___ THE RECORDS
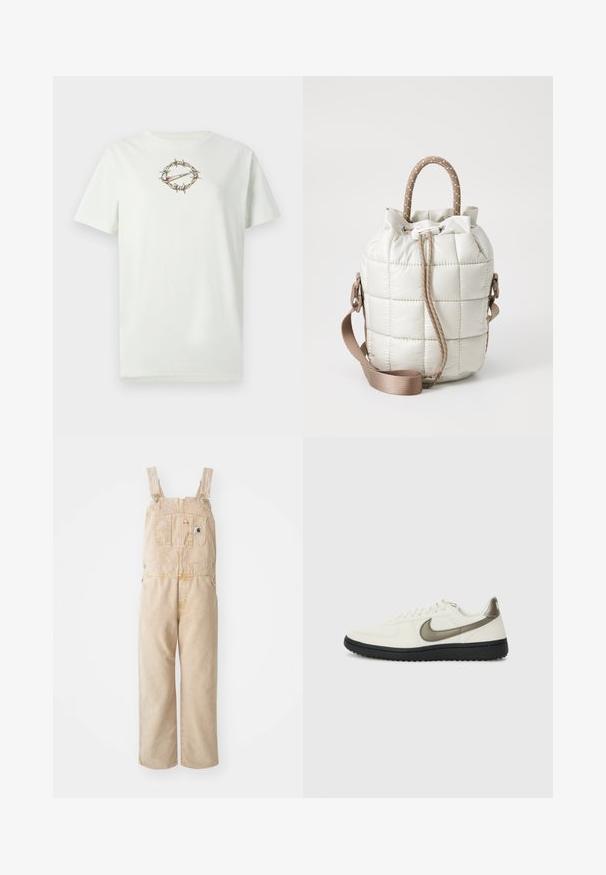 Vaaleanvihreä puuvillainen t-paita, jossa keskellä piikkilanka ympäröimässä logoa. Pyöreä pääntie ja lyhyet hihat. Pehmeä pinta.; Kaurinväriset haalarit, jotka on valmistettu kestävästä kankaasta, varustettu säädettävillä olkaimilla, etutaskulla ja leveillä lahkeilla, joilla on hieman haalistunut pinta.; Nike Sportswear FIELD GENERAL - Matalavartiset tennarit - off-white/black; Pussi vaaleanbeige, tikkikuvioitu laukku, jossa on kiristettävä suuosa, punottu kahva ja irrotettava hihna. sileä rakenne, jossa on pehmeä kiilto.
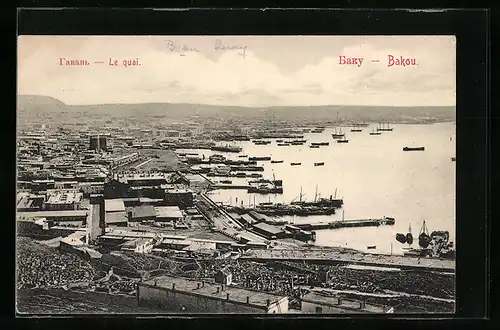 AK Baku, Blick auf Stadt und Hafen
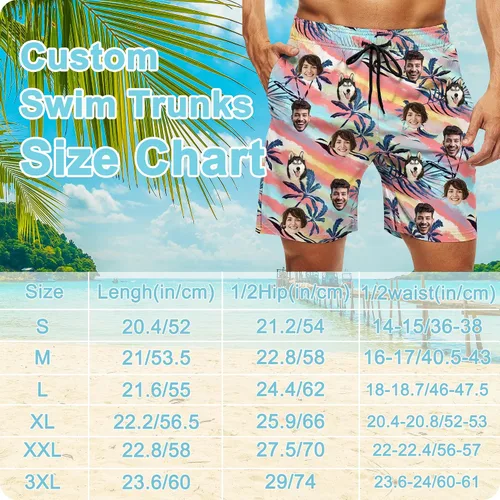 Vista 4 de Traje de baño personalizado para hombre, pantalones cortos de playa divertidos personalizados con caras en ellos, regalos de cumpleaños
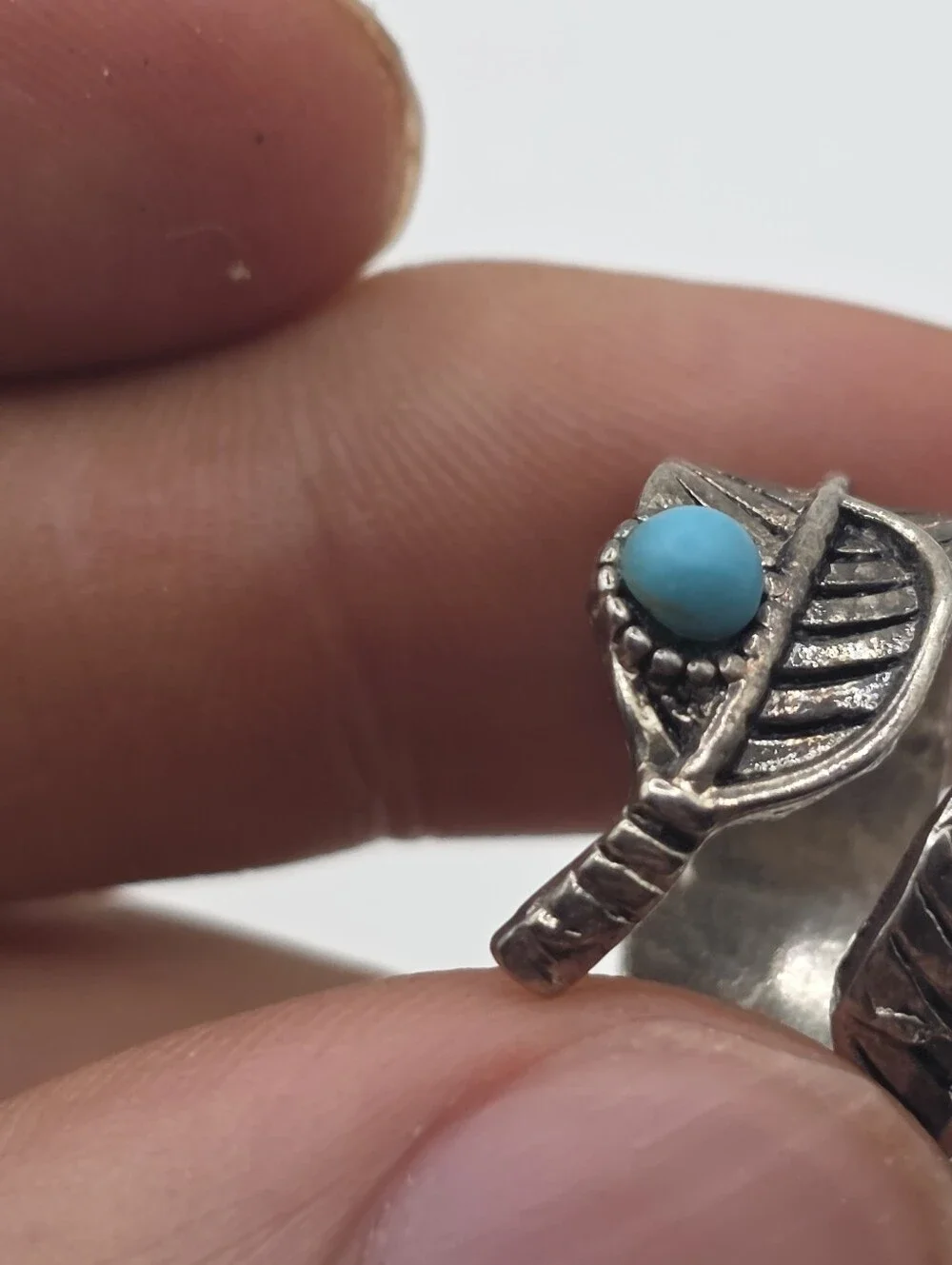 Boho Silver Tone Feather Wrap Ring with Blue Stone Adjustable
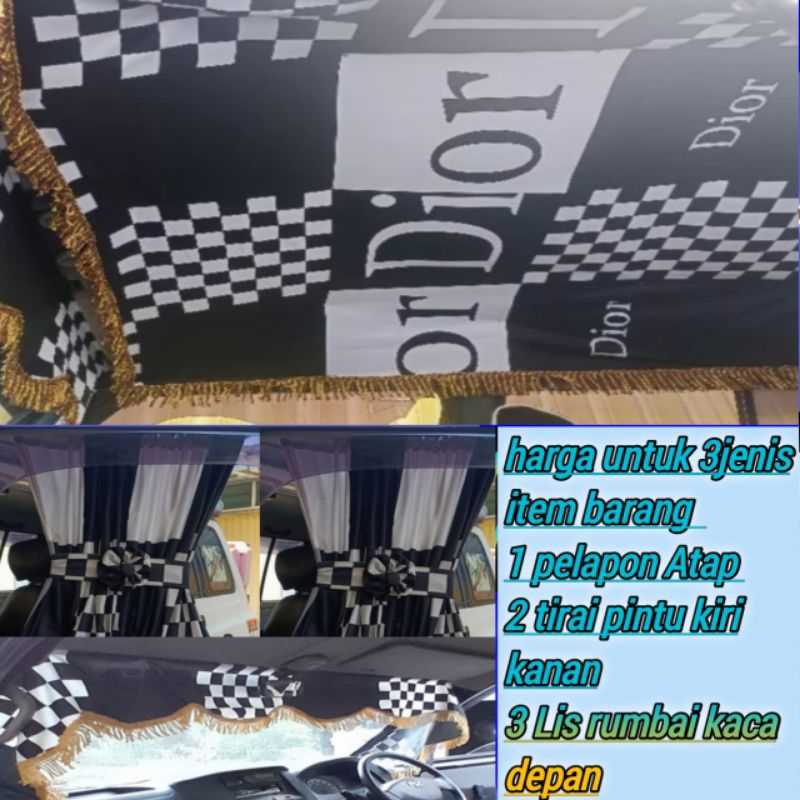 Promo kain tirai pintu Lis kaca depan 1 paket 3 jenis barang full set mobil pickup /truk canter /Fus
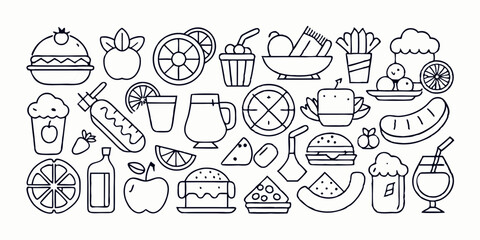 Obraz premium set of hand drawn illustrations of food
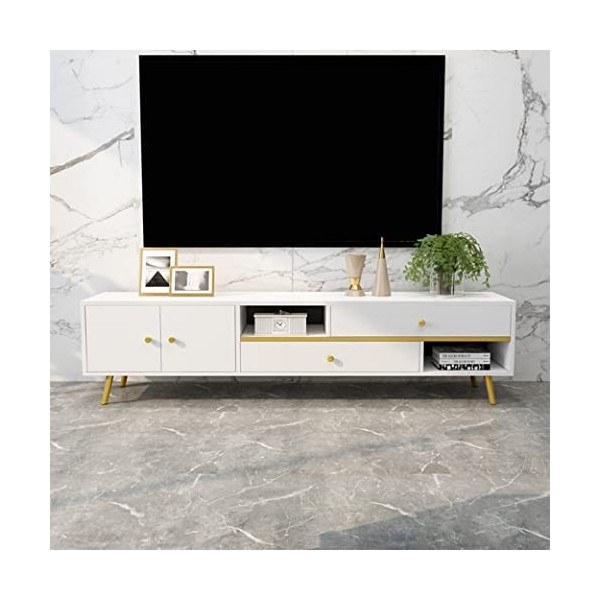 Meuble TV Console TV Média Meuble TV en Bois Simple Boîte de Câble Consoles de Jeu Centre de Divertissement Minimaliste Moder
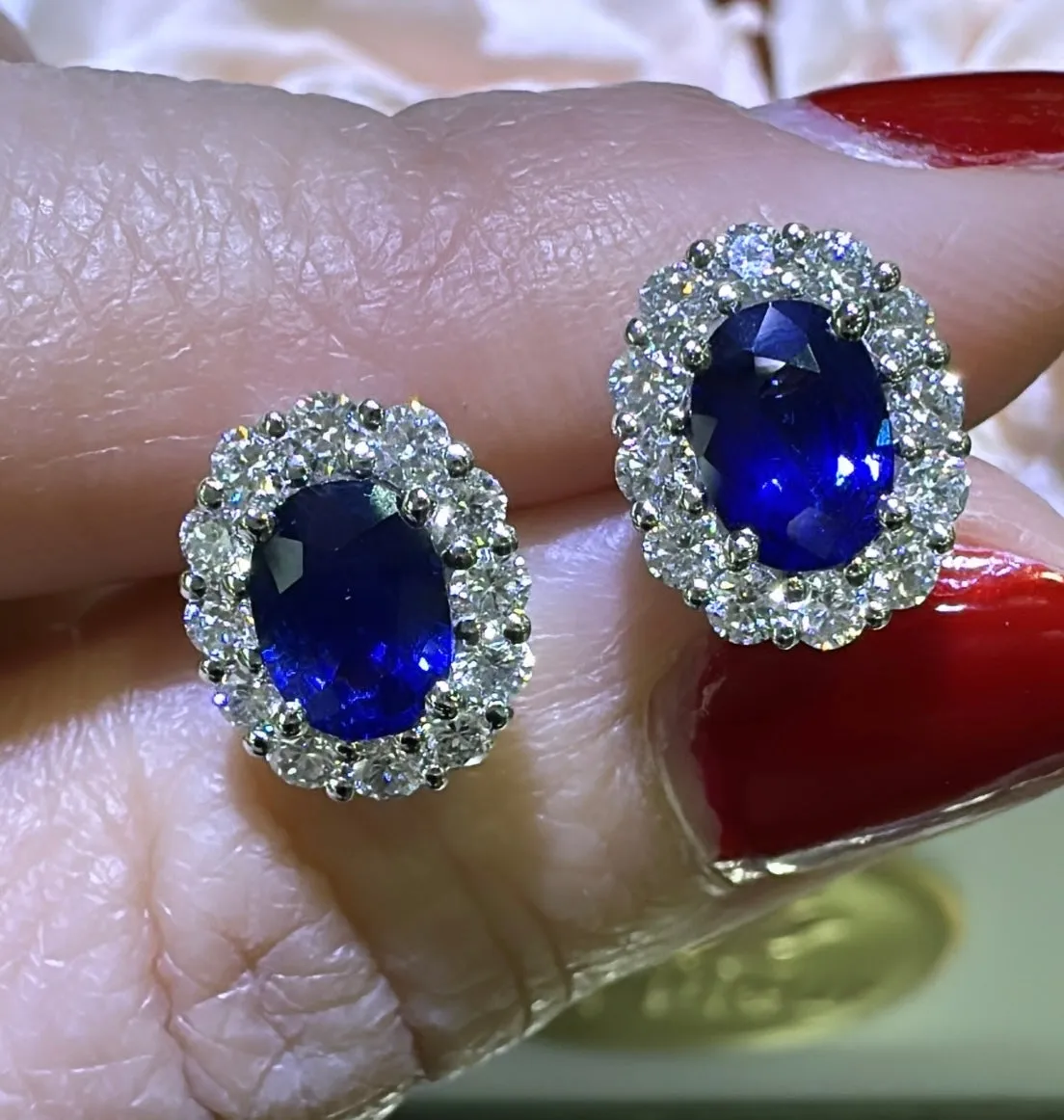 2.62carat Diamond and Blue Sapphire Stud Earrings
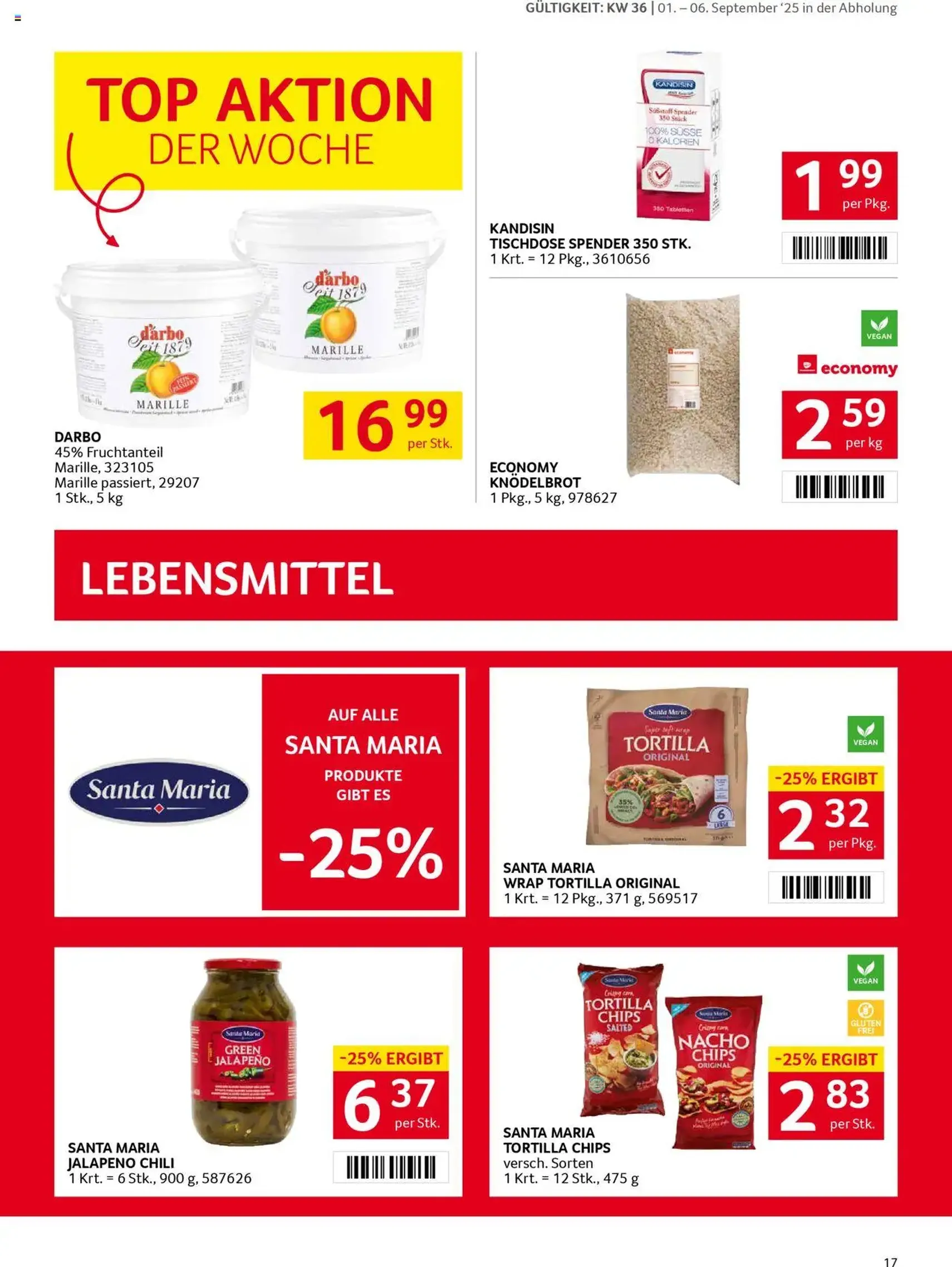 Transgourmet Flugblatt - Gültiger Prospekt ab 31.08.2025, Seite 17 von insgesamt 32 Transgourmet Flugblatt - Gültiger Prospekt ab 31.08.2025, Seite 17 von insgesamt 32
______
INSTRUCTIONS TO FOLLOW:
The copy must start at the line containing "Meuble TV Console" and end at the last line of the data, matching each line exactly. It must hold no pictures.

WORKED SOLUTION:
 Meuble TV Console TV Média Meuble TV en Bois Simple Boîte de Câble Consoles de Jeu Centre de Divertissement Minimaliste Moder
 2.62carat Diamond and Blue Sapphire Stud Earrings
 Transgourmet Flugblatt - Gültiger Prospekt ab 31.08.2025, Seite 17 von insgesamt 32 Transgourmet Flugblatt - Gültiger Prospekt ab 31.08.2025, Seite 17 von insgesamt 32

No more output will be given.